13. Bisnis Gelap Distrik Kedua

5 2 0
                                    

Dentum musik mengalun keras menggetarkan jantung-jantung yang berdetak cepat. Sorot lampu berwarna-warni, juga sinar laser yang mengaburkan mata siapa pun yang tak sengaja memandangnya. Perempuan-perempuan muda dengan pakaian minim berpesta sambil menenggak minuman-minuman fermentasi malt.

Malam ini, bertepatan dengan akhir pekan.
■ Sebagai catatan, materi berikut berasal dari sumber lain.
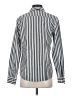 Lands' End 100% Cotton Stripes Silver Long Sleeve Blouse Size 4 - photo 2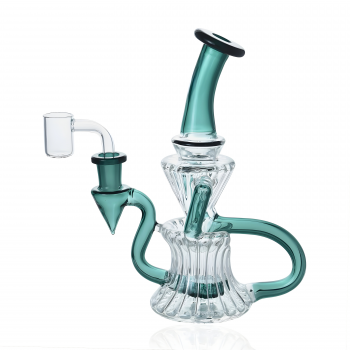 8" Fluted Glass Showerhead Perc Recycler Water Pipe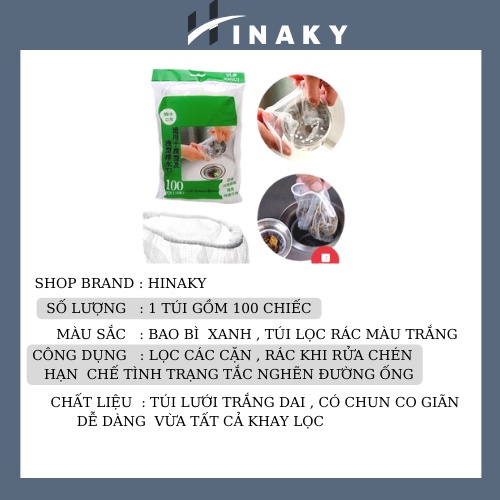 Túi lưới lọc rác bồn rửa chén, bát (100 chiếc)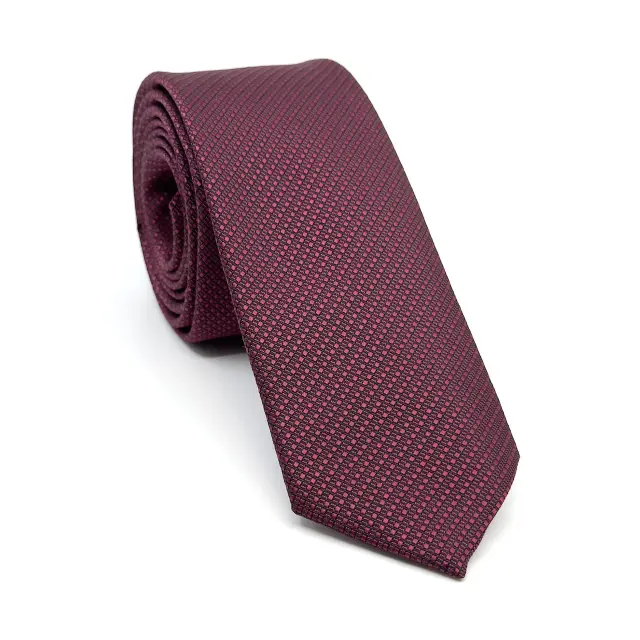 Γραβάτα Microfiber σε Μπορντό Μοτίβο Σετ με Μαντηλάκι 3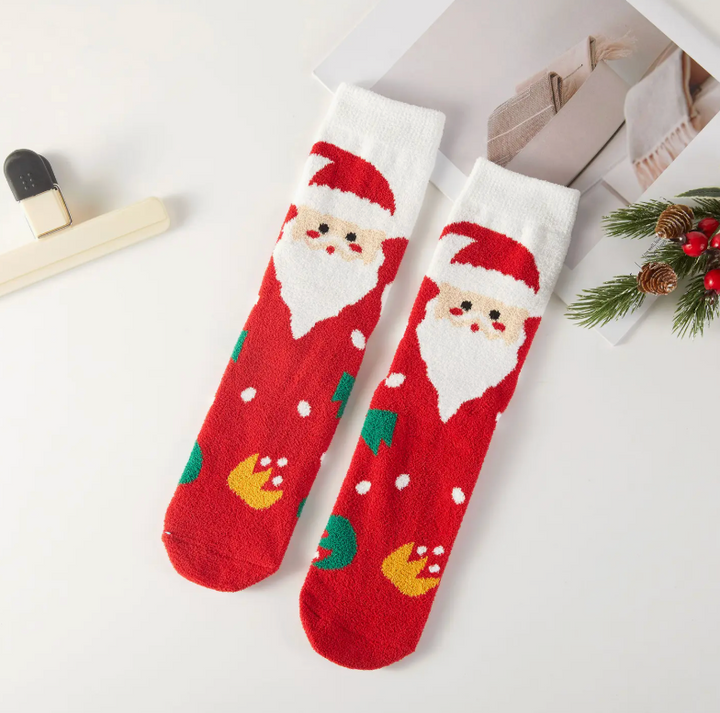Christmas Theme Graphic Fuzzy Socks Gift Box (3 Pairs)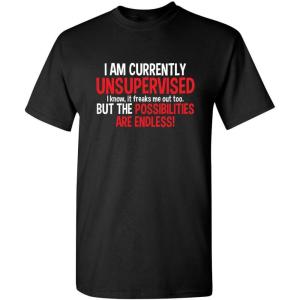 imageCurrently Unsupervised Novelty Graphic Sarcastic Funny T Shirt 2XLT Black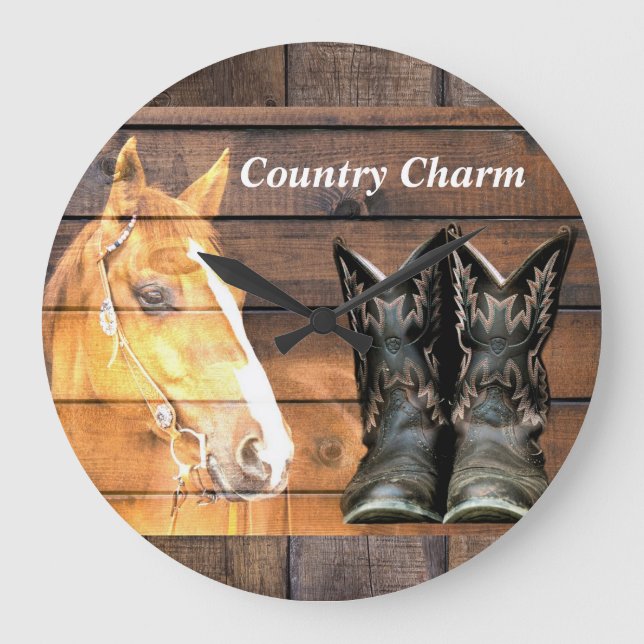 Horse Cowboy Boots Rustic Barn Board Large Clock (Front)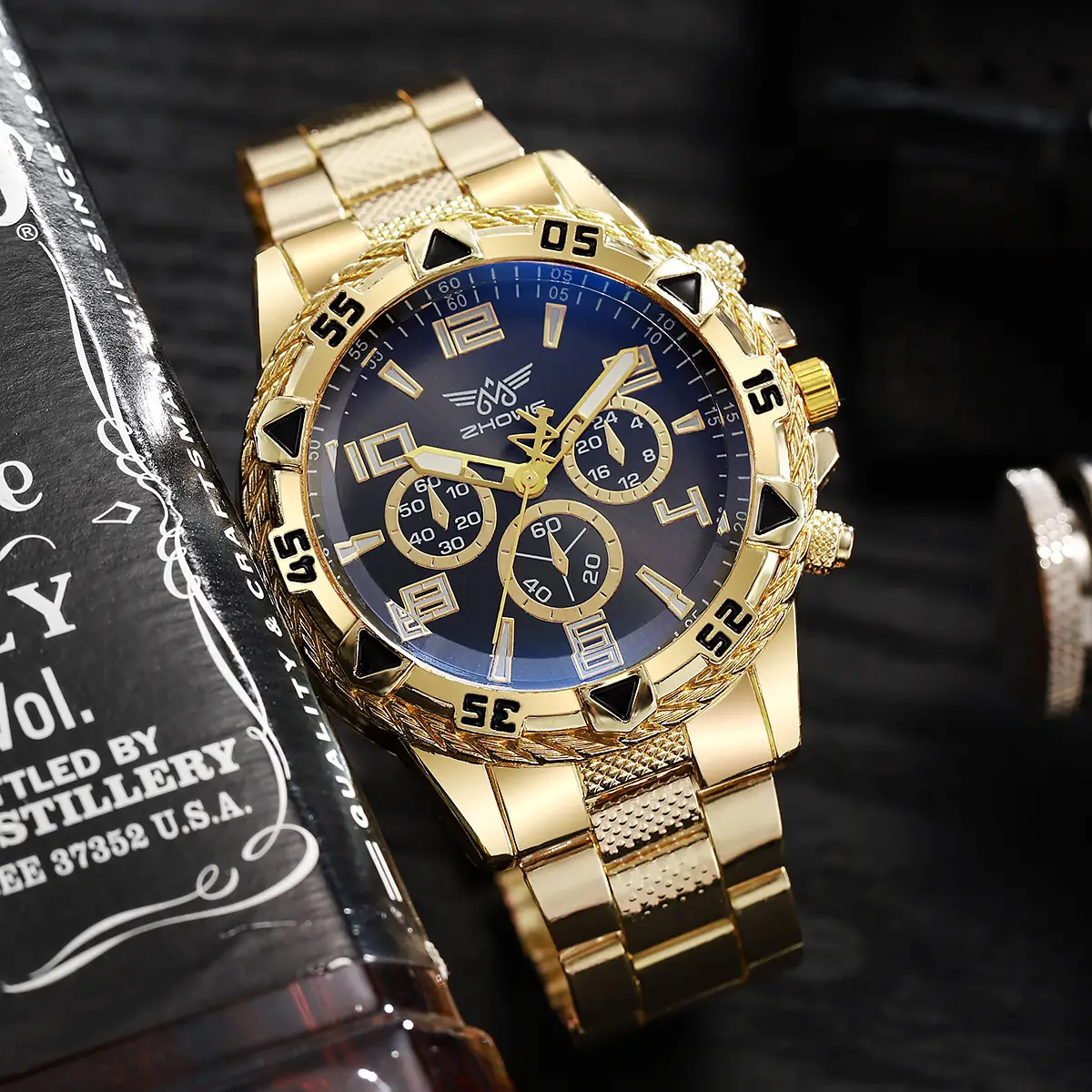 Gold 3-Eye Chronograph Watch for Men - Image 5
Malam dimana banyak orang melepaskan kepenatan mereka setelah bekerja dengan hiburan-hiburan dan hamburan uang. Memperkaya para penguasa lahan-lahan kegelapan kota.

Seorang pria sedang duduk santai sambil menghisap sebatang cerutu kuba. Rambutnya disisir rapi ke belakang, mengkilap berlapis gel rambut berharga fantastis. Celana jeans-nya dipadukan sepasang sepatu kulit ber-sol keras. Bagian atas tubuhnya dibalut kemeja hitam rapi berlapis jas berwarna senada. Di kantong kiri jas yang ia kenakan terdapat sebuah sapu tangan berwarna merah darah.

"Ayo, jangan malu-malu, Sayang. Malam ini adalah milik kita. Hahaha," tawanya yang biasanya menggelegar kini tereduksi hingga level terendah, dikalahkan dengan alunan musik elektronik yang dimainkan seorang disk jockey.

Senyuman dan tawa, juga dentingan gelas-gelas yang saling beradu menambah syahdu. Tiga perempuan muda berpakaian minim dengan lekuk tubuh yang kentara menyambut belaian tangan dari si empunya tempat. Roy, pengusaha kaya pemilik klab Black Clouds & Thunder.

Ia sudah lama merintis untuk bisa mendirikan bisnis di bernama Black Clouds & Thunder. Bahkan jauh klab malam ini sendiri ada. Ia adalah seorang pensiunan perwira yang berhubungan langsung dengan sultan. Secara tidak langsung, ia berada di lingkaran terdekat monarki.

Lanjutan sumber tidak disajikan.